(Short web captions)

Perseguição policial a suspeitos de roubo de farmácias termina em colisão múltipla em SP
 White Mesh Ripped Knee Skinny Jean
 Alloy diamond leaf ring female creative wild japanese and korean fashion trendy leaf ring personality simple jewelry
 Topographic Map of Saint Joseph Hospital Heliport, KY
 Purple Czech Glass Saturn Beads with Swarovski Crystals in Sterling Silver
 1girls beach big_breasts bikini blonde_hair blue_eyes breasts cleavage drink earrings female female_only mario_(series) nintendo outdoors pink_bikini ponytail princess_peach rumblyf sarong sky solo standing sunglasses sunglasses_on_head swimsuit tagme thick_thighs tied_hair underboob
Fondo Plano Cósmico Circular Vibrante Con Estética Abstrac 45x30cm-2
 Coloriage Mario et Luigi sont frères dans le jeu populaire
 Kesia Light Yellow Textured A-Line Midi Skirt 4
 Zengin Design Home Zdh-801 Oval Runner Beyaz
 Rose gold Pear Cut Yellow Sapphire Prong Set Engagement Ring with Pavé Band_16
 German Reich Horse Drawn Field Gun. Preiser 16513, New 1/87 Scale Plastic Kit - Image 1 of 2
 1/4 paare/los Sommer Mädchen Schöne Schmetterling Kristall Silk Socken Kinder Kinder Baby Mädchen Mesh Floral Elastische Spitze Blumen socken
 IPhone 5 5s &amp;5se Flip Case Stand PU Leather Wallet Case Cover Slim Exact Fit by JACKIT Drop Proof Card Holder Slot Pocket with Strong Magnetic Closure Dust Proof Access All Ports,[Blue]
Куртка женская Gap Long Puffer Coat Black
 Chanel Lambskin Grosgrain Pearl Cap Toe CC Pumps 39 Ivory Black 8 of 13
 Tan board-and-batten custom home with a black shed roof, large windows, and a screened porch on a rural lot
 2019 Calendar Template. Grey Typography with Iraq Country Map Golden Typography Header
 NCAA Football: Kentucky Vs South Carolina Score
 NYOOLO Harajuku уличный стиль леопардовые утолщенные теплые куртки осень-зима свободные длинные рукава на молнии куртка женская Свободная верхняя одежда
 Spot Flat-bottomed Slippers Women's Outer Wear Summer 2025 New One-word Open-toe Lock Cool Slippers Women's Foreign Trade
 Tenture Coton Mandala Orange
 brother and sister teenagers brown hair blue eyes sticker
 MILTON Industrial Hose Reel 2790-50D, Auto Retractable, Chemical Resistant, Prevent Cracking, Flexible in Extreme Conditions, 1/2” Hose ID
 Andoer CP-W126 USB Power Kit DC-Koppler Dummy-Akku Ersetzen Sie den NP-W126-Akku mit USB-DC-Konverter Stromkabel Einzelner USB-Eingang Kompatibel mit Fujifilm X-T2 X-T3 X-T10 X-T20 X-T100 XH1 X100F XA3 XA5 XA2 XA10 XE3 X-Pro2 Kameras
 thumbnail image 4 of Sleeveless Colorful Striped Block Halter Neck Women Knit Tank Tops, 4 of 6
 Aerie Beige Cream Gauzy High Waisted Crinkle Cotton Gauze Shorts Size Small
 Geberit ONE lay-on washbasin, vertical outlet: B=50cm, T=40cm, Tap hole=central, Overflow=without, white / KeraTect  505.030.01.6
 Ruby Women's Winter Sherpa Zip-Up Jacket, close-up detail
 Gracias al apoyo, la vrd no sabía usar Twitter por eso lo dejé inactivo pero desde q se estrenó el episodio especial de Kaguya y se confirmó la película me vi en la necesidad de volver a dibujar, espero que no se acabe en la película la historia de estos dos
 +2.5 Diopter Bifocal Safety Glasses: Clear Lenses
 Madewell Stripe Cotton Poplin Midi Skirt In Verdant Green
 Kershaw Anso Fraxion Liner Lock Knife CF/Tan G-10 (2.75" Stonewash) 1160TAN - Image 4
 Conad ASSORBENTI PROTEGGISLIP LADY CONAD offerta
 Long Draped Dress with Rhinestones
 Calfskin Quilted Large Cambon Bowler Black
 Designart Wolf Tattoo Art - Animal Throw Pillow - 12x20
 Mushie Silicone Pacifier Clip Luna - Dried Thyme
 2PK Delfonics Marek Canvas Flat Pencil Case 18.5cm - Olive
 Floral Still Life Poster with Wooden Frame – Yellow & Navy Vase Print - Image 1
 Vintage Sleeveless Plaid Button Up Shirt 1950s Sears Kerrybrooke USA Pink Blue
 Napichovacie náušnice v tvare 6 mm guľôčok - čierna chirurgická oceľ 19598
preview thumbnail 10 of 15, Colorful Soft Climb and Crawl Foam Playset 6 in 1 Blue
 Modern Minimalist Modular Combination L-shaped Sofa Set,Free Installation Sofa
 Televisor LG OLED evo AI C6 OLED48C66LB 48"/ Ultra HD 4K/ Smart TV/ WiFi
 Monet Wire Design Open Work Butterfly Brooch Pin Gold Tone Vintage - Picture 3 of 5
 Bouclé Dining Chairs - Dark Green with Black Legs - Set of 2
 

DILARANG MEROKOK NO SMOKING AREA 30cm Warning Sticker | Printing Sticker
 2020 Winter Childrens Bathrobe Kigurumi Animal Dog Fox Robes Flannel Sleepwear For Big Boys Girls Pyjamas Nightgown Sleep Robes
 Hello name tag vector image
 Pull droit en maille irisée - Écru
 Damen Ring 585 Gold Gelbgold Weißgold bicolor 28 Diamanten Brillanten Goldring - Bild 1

▶ WHAT THE TASK ASKS
Would you write out each entry precisely as it is given?

▶ RESPONSE TO THIS EXERCISE
Perseguição policial a suspeitos de roubo de farmácias termina em colisão múltipla em SP
 White Mesh Ripped Knee Skinny Jean
 Alloy diamond leaf ring female creative wild japanese and korean fashion trendy leaf ring personality simple jewelry
 Topographic Map of Saint Joseph Hospital Heliport, KY
 Purple Czech Glass Saturn Beads with Swarovski Crystals in Sterling Silver
 1girls beach big_breasts bikini blonde_hair blue_eyes breasts cleavage drink earrings female female_only mario_(series) nintendo outdoors pink_bikini ponytail princess_peach rumblyf sarong sky solo standing sunglasses sunglasses_on_head swimsuit tagme thick_thighs tied_hair underboob
Fondo Plano Cósmico Circular Vibrante Con Estética Abstrac 45x30cm-2
 Coloriage Mario et Luigi sont frères dans le jeu populaire
 Kesia Light Yellow Textured A-Line Midi Skirt 4
 Zengin Design Home Zdh-801 Oval Runner Beyaz
 Rose gold Pear Cut Yellow Sapphire Prong Set Engagement Ring with Pavé Band_16
 German Reich Horse Drawn Field Gun. Preiser 16513, New 1/87 Scale Plastic Kit - Image 1 of 2
 1/4 paare/los Sommer Mädchen Schöne Schmetterling Kristall Silk Socken Kinder Kinder Baby Mädchen Mesh Floral Elastische Spitze Blumen socken
 IPhone 5 5s &amp;5se Flip Case Stand PU Leather Wallet Case Cover Slim Exact Fit by JACKIT Drop Proof Card Holder Slot Pocket with Strong Magnetic Closure Dust Proof Access All Ports,[Blue]
Куртка женская Gap Long Puffer Coat Black
 Chanel Lambskin Grosgrain Pearl Cap Toe CC Pumps 39 Ivory Black 8 of 13
 Tan board-and-batten custom home with a black shed roof, large windows, and a screened porch on a rural lot
 2019 Calendar Template. Grey Typography with Iraq Country Map Golden Typography Header
 NCAA Football: Kentucky Vs South Carolina Score
 NYOOLO Harajuku уличный стиль леопардовые утолщенные теплые куртки осень-зима свободные длинные рукава на молнии куртка женская Свободная верхняя одежда
 Spot Flat-bottomed Slippers Women's Outer Wear Summer 2025 New One-word Open-toe Lock Cool Slippers Women's Foreign Trade
 Tenture Coton Mandala Orange
 brother and sister teenagers brown hair blue eyes sticker
 MILTON Industrial Hose Reel 2790-50D, Auto Retractable, Chemical Resistant, Prevent Cracking, Flexible in Extreme Conditions, 1/2” Hose ID
 Andoer CP-W126 USB Power Kit DC-Koppler Dummy-Akku Ersetzen Sie den NP-W126-Akku mit USB-DC-Konverter Stromkabel Einzelner USB-Eingang Kompatibel mit Fujifilm X-T2 X-T3 X-T10 X-T20 X-T100 XH1 X100F XA3 XA5 XA2 XA10 XE3 X-Pro2 Kameras
 thumbnail image 4 of Sleeveless Colorful Striped Block Halter Neck Women Knit Tank Tops, 4 of 6
 Aerie Beige Cream Gauzy High Waisted Crinkle Cotton Gauze Shorts Size Small
 Geberit ONE lay-on washbasin, vertical outlet: B=50cm, T=40cm, Tap hole=central, Overflow=without, white / KeraTect  505.030.01.6
 Ruby Women's Winter Sherpa Zip-Up Jacket, close-up detail
 Gracias al apoyo, la vrd no sabía usar Twitter por eso lo dejé inactivo pero desde q se estrenó el episodio especial de Kaguya y se confirmó la película me vi en la necesidad de volver a dibujar, espero que no se acabe en la película la historia de estos dos
 +2.5 Diopter Bifocal Safety Glasses: Clear Lenses
 Madewell Stripe Cotton Poplin Midi Skirt In Verdant Green
 Kershaw Anso Fraxion Liner Lock Knife CF/Tan G-10 (2.75" Stonewash) 1160TAN - Image 4
 Conad ASSORBENTI PROTEGGISLIP LADY CONAD offerta
 Long Draped Dress with Rhinestones
 Calfskin Quilted Large Cambon Bowler Black
 Designart Wolf Tattoo Art - Animal Throw Pillow - 12x20
 Mushie Silicone Pacifier Clip Luna - Dried Thyme
 2PK Delfonics Marek Canvas Flat Pencil Case 18.5cm - Olive
 Floral Still Life Poster with Wooden Frame – Yellow & Navy Vase Print - Image 1
 Vintage Sleeveless Plaid Button Up Shirt 1950s Sears Kerrybrooke USA Pink Blue
 Napichovacie náušnice v tvare 6 mm guľôčok - čierna chirurgická oceľ 19598
preview thumbnail 10 of 15, Colorful Soft Climb and Crawl Foam Playset 6 in 1 Blue
 Modern Minimalist Modular Combination L-shaped Sofa Set,Free Installation Sofa
 Televisor LG OLED evo AI C6 OLED48C66LB 48"/ Ultra HD 4K/ Smart TV/ WiFi
 Monet Wire Design Open Work Butterfly Brooch Pin Gold Tone Vintage - Picture 3 of 5
 Bouclé Dining Chairs - Dark Green with Black Legs - Set of 2
 

DILARANG MEROKOK NO SMOKING AREA 30cm Warning Sticker | Printing Sticker
 2020 Winter Childrens Bathrobe Kigurumi Animal Dog Fox Robes Flannel Sleepwear For Big Boys Girls Pyjamas Nightgown Sleep Robes
 Hello name tag vector image
 Pull droit en maille irisée - Écru
 Damen Ring 585 Gold Gelbgold Weißgold bicolor 28 Diamanten Brillanten Goldring - Bild 1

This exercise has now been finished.